WHAT IS EXPECTED: Once the data has been read, return all of it precisely as written.

INPUT DATA Block Start

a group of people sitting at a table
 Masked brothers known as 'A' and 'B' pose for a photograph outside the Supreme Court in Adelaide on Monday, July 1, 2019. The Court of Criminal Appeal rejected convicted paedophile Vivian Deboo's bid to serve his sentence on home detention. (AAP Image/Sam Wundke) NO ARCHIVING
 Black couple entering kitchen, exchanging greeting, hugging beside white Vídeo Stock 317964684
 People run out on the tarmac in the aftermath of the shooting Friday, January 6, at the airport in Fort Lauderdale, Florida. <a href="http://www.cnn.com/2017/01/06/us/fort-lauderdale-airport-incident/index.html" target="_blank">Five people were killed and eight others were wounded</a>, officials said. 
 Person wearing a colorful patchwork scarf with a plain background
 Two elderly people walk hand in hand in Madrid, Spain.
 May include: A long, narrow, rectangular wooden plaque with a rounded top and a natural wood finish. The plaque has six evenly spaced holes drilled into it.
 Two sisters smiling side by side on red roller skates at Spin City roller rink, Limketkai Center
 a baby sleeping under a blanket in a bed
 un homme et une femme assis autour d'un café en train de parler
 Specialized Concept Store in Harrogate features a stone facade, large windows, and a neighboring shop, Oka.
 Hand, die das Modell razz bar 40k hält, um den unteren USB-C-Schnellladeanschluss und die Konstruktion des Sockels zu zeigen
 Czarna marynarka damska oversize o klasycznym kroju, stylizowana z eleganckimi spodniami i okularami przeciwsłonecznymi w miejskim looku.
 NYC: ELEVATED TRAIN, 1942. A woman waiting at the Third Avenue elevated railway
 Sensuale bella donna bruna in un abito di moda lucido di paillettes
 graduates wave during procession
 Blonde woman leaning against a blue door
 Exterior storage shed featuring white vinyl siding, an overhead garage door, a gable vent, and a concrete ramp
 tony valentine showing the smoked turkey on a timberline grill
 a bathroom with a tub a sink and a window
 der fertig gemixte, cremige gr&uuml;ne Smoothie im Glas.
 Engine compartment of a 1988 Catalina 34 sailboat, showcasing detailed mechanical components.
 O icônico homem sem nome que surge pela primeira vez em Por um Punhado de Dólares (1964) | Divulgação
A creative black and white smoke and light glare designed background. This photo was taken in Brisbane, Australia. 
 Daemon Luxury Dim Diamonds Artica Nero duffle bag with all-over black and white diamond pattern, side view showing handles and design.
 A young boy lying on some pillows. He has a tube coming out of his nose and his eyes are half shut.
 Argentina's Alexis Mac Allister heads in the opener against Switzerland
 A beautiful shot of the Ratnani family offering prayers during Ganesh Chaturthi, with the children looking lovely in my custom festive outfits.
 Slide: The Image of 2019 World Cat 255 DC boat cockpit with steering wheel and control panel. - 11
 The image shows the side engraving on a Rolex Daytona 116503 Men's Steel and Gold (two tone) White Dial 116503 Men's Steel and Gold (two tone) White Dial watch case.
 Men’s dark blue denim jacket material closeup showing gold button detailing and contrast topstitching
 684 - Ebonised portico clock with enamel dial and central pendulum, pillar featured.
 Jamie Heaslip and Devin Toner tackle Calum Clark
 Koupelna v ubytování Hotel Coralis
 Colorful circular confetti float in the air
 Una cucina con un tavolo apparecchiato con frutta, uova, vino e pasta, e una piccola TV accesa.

INPUT DATA Block End

OUTPUT BELOW:
a group of people sitting at a table
 Masked brothers known as 'A' and 'B' pose for a photograph outside the Supreme Court in Adelaide on Monday, July 1, 2019. The Court of Criminal Appeal rejected convicted paedophile Vivian Deboo's bid to serve his sentence on home detention. (AAP Image/Sam Wundke) NO ARCHIVING
 Black couple entering kitchen, exchanging greeting, hugging beside white Vídeo Stock 317964684
 People run out on the tarmac in the aftermath of the shooting Friday, January 6, at the airport in Fort Lauderdale, Florida. <a href="http://www.cnn.com/2017/01/06/us/fort-lauderdale-airport-incident/index.html" target="_blank">Five people were killed and eight others were wounded</a>, officials said. 
 Person wearing a colorful patchwork scarf with a plain background
 Two elderly people walk hand in hand in Madrid, Spain.
 May include: A long, narrow, rectangular wooden plaque with a rounded top and a natural wood finish. The plaque has six evenly spaced holes drilled into it.
 Two sisters smiling side by side on red roller skates at Spin City roller rink, Limketkai Center
 a baby sleeping under a blanket in a bed
 un homme et une femme assis autour d'un café en train de parler
 Specialized Concept Store in Harrogate features a stone facade, large windows, and a neighboring shop, Oka.
 Hand, die das Modell razz bar 40k hält, um den unteren USB-C-Schnellladeanschluss und die Konstruktion des Sockels zu zeigen
 Czarna marynarka damska oversize o klasycznym kroju, stylizowana z eleganckimi spodniami i okularami przeciwsłonecznymi w miejskim looku.
 NYC: ELEVATED TRAIN, 1942. A woman waiting at the Third Avenue elevated railway
 Sensuale bella donna bruna in un abito di moda lucido di paillettes
 graduates wave during procession
 Blonde woman leaning against a blue door
 Exterior storage shed featuring white vinyl siding, an overhead garage door, a gable vent, and a concrete ramp
 tony valentine showing the smoked turkey on a timberline grill
 a bathroom with a tub a sink and a window
 der fertig gemixte, cremige gr&uuml;ne Smoothie im Glas.
 Engine compartment of a 1988 Catalina 34 sailboat, showcasing detailed mechanical components.
 O icônico homem sem nome que surge pela primeira vez em Por um Punhado de Dólares (1964) | Divulgação
A creative black and white smoke and light glare designed background. This photo was taken in Brisbane, Australia. 
 Daemon Luxury Dim Diamonds Artica Nero duffle bag with all-over black and white diamond pattern, side view showing handles and design.
 A young boy lying on some pillows. He has a tube coming out of his nose and his eyes are half shut.
 Argentina's Alexis Mac Allister heads in the opener against Switzerland
 A beautiful shot of the Ratnani family offering prayers during Ganesh Chaturthi, with the children looking lovely in my custom festive outfits.
 Slide: The Image of 2019 World Cat 255 DC boat cockpit with steering wheel and control panel. - 11
 The image shows the side engraving on a Rolex Daytona 116503 Men's Steel and Gold (two tone) White Dial 116503 Men's Steel and Gold (two tone) White Dial watch case.
 Men’s dark blue denim jacket material closeup showing gold button detailing and contrast topstitching
 684 - Ebonised portico clock with enamel dial and central pendulum, pillar featured.
 Jamie Heaslip and Devin Toner tackle Calum Clark
 Koupelna v ubytování Hotel Coralis
 Colorful circular confetti float in the air
 Una cucina con un tavolo apparecchiato con frutta, uova, vino e pasta, e una piccola TV accesa.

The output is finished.